*Problem statement:* Lines before the one containing "TUDOR Black Bay" are not copied; that line and every one after it, through the end of the material below, are printed exactly, without pictures.

*Data segment:*

* * * *

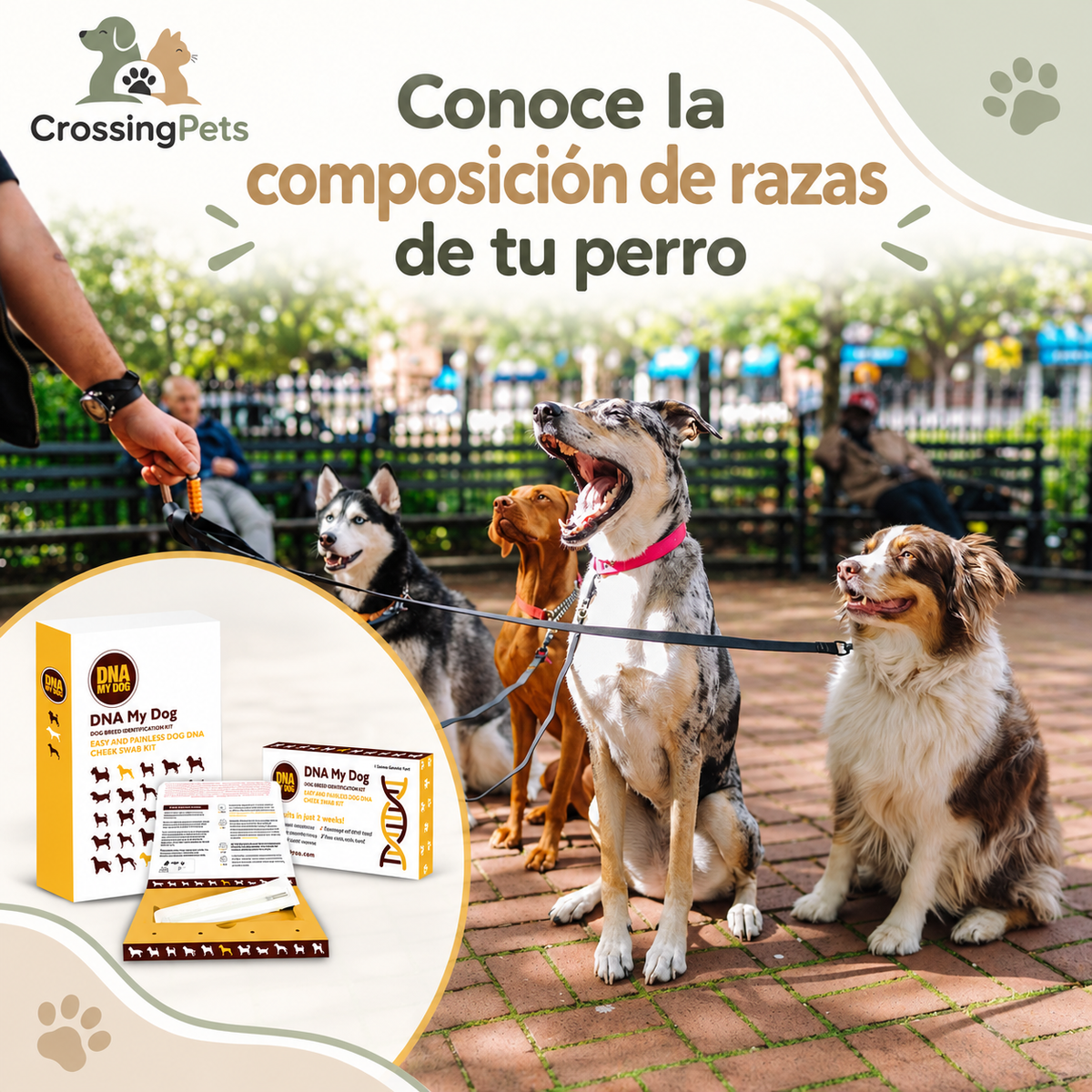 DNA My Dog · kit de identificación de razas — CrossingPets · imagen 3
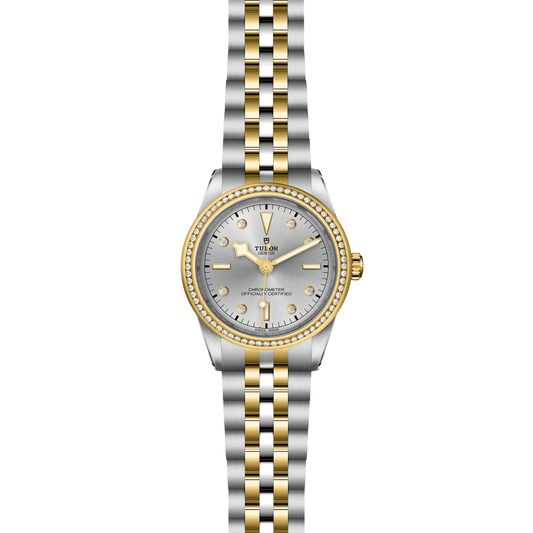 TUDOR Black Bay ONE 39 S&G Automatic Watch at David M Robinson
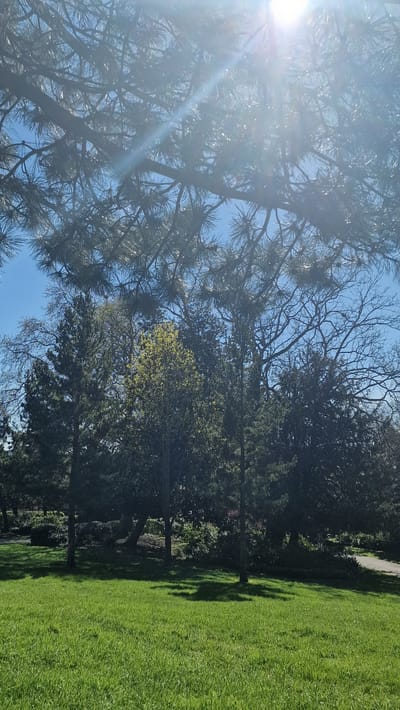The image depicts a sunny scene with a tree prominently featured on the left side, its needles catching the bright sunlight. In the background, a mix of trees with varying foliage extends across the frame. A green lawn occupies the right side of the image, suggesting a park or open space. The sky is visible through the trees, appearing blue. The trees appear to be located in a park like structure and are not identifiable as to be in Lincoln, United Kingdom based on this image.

* * * *

*Result:*
 TUDOR Black Bay ONE 39 S&G Automatic Watch at David M Robinson
The image depicts a sunny scene with a tree prominently featured on the left side, its needles catching the bright sunlight. In the background, a mix of trees with varying foliage extends across the frame. A green lawn occupies the right side of the image, suggesting a park or open space. The sky is visible through the trees, appearing blue. The trees appear to be located in a park like structure and are not identifiable as to be in Lincoln, United Kingdom based on this image.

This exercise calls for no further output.